Bali Nine member Renae Lawrence, who was released in 2018, pleads for her fellow drug mules. Photo / Supplied
Freed Bali 9 drug mule Renae Lawrence has begged the Indonesian president to release the remaining heroin smugglers in the failed 2005 drug plot.
The five Bali 9 members left in Indonesian prisons are set to die in jail.
Speaking as Joko Widodo arrived in Australia to meet with Prime Minister Scott Morrison, Lawrence appealed to both leaders, saying "as each year goes by these young men are losing hope".
She also revealed she plans to return to the country of her incarceration to live and work.
"I am the only female member of the so-called Bali Nine and the only one to receive a determinate sentence," she said.
"I continue to worry about these five young men who, if they had received the same sentence as me, may well have been back in Australia with their families by now.
"Their families constantly travel to Indonesia to visit their sons at great expense, their anguish remains." Lawrence made no mention of the Bali 9 kingpins, Andrew Chan and Myuran Sukumaran, who Widodo sent to execution by firing squad in 2015.
The Bali 9 was a group of nine young Australians rounded up by Chan and Sukumaran to smuggle 8.3kg of heroin strapped to their bodies from Bali to Australia.

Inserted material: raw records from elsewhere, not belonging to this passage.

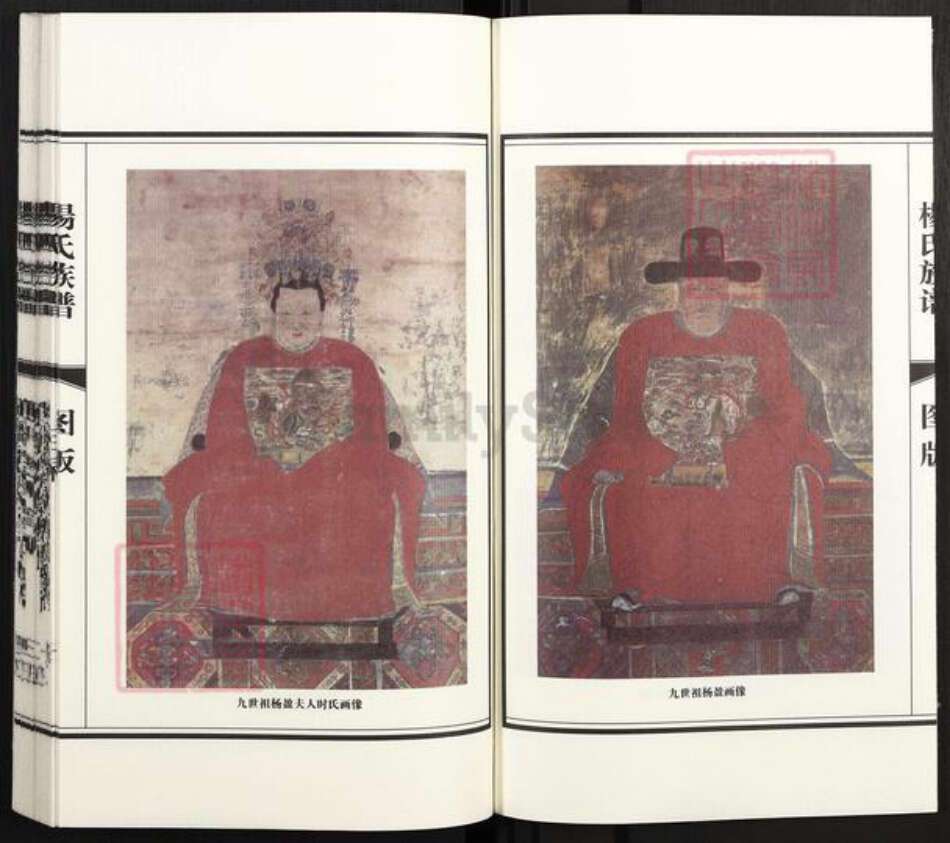 山东省济南市章丘区杨氏族谱-杨氏族谱.pdf电子版预览图3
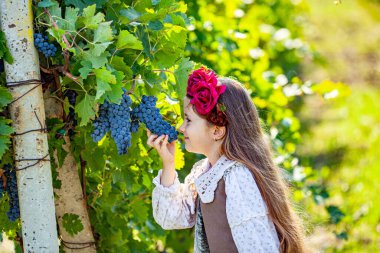 Şarap hasadı sırasında üzüm toplayan kız çocuğu. Hasat konsepti. Kendi çiftliğini kendin seç. Sağlıklı ve çevre dostu mahsul. Yüksek kalite fotoğraf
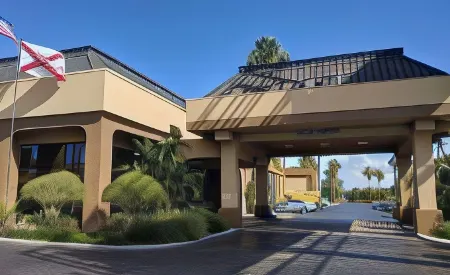 Orlando Palms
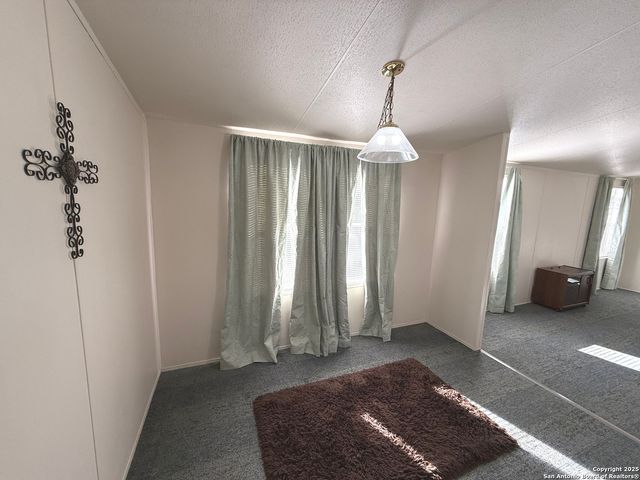 1310 Springwood, Spring Branch, TX 78070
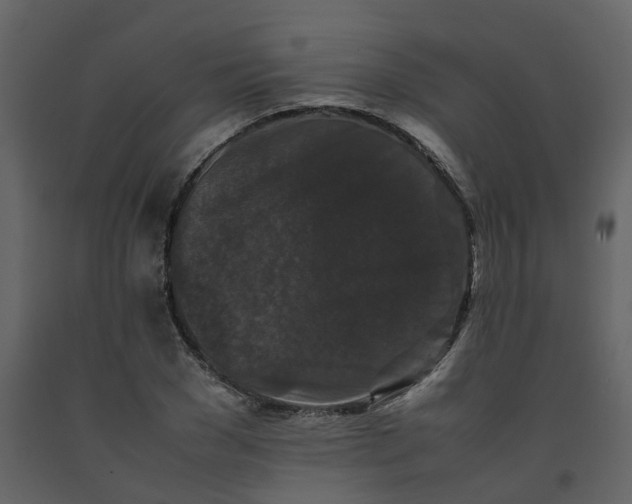 X0000092250977200710051255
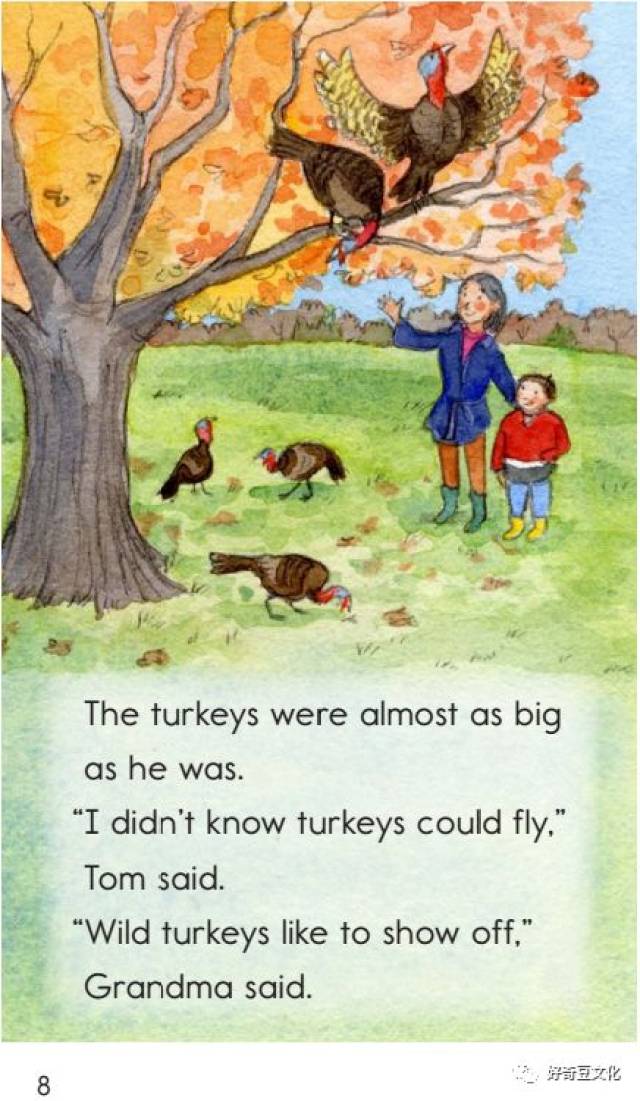 绘本共读丨能学到动物和感恩节知识的绘本《turkeys in the t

Arrested at Denpasar airport and in hotel rooms in April 2005, they were locked up in Bali's Kerobokan jail.
Five of the nine – Chan and Sukamaran, along with Scott Rush, Matthew Norman, Si Yi Chen were sentenced to death.
Norman was aged just 18 and Rush and another Bali 9 members, Michael Czugaj, were just 19 years old at the time.
Renae Lawrence received a life sentence, which was reduced to 20 years and, with remissions for good behaviour, she was released after serving 13 years in 2018.
By then, Andrew Chan and Myuran Sukumaran had been executed on Indonesia's Nusakambangan or "Death" island and Tan Duc Thanh Nguyen died from cancer while in custody.
Lawrence's release left five of the heroin plotters still incarcerated in various Indonesian jails.
They are Matthew Norman and Michael Czugaj, both 33, and Scott Rush and Si Yi Chen, both 34, and Martin Stephens, 44.
All are serving life sentences with no chance of release and have exhausted all avenues of appeal.
Lawrence told a Canberra press conference on Sunday she was "breaking my self-imposed silence" to request Widodo and Morrison "consider a reduction in sentence for the remaining five prisoners".
Lawrence said during her incarceration she became "fond of the Indonesian people and was treated well by the jail authorities. We always had sufficient food".